My Thoughts:  Sometimes I just had to put this book down.  I found the emotion in it so raw, the feelings it evoked in me so painful at times, that I just couldn’t keep reading it.  I was, however, inexplicably drawn back to it.  Rick Bragg does not write my story, but he does indeed write the story of many people I know.  I am one generation removed from the “poor white trash” that he writes about.  I can be at home in the same culture he grew up in.  Some of his description are so real to me that I think I know these people, but I don’t.  My parents do, though.  Many men from my father’s generation could identify with Rick’s description of his older brother:

All I had to do was look across the Formica-topped kitchen table to my brother Sam, to see my future.  At thirteen, he had done a man’s job, shoveling coal, pushing a wheelbarrow loaded with rocks, mucking out hog pens, loading boxcars at Dixie Clay with an endless line of fifty-pound bags of clay and lime.  Some nights he would go to sleep sitting in that hard-backed chair, and Momma would lead him to bed.  The work was his birthright.  It was what he got instead of a Mustang.  (99)

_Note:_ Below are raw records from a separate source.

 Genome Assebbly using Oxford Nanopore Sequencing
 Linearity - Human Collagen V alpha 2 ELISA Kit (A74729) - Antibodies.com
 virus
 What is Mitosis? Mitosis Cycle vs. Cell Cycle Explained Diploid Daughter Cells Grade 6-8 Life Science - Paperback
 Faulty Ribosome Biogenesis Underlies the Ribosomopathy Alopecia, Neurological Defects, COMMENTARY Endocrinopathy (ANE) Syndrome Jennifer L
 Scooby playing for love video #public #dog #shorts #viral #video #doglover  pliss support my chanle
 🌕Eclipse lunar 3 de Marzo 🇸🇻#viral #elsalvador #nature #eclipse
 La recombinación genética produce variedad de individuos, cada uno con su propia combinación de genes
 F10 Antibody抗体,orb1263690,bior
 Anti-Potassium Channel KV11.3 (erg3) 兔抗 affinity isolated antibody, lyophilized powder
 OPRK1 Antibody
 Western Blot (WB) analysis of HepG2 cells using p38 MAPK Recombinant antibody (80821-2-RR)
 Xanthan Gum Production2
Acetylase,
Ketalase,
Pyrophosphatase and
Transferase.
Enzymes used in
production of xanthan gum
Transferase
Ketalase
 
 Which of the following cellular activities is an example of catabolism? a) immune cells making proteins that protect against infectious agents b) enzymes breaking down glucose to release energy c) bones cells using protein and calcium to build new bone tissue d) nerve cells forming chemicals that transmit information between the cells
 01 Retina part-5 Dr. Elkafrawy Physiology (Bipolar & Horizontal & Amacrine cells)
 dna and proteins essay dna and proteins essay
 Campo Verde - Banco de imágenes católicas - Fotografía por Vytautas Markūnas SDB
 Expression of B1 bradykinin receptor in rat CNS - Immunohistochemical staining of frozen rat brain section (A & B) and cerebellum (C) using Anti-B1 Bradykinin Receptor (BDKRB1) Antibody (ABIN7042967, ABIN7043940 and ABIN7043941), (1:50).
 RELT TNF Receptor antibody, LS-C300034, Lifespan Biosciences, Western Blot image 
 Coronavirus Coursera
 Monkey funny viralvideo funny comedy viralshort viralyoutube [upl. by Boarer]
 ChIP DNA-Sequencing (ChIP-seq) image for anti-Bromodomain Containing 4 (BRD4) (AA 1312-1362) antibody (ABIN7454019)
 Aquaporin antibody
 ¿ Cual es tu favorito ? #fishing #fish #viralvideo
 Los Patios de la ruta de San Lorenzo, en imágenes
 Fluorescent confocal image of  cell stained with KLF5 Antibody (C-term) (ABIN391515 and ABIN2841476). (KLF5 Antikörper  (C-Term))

Bragg even writes about his fear that he, too, will have a predilection to alcohol.  He describes his one night in a Miami hotel room, memories of the bloodshed in Haiti having preempted his sleep, in this way:

I sought distraction, if nothing else, in the mini bar [. . .] I reached in and got a baby bottle of Wild Turkey, cracked it open and poured it in a water glass.  I distinctly remember raising it to my lips, and the smell, like smoke and brown sugar and something stronger, The Spirit in it.  And I gagged.  I poured it into the sink and rinsed the glass.  (156)

Of course, I found the parts about his mother the most compelling, and who wouldn’t?  She is the woman who persevered through so many hardships with no real goal in mind for herself; she just had to keep going for her children. 

Rick Bragg has written a book that moved me in so many ways.  After reading it, I understood why journalists are often thought (and in fact, are) so cynical.  I appreciate this book for its depiction of a part of the South that I do not know personally, but realize that is a part of my family’s history in the not-so-distant past.  The only part I do not think he portrayed accurately is religion in the Bible Belt, but I understand that he only writes about it as an outsider, not an actual participant.  This book left me with a feeling of heaviness, but I think it is a worthwhile read.  I do not choose to spend my time with people who use as much profanity as Bragg uses throughout this book, but despite that, I’m still glad I read it.

2 Responses

  1. This sounds like a very compelling memoir. I will have to add it to my wish list. Thanks for the great review.

  2. I am sure you appreciated the book a lot more than I did, having lived in the South. It was interesting to read about what you recognized and what was different in his depiction.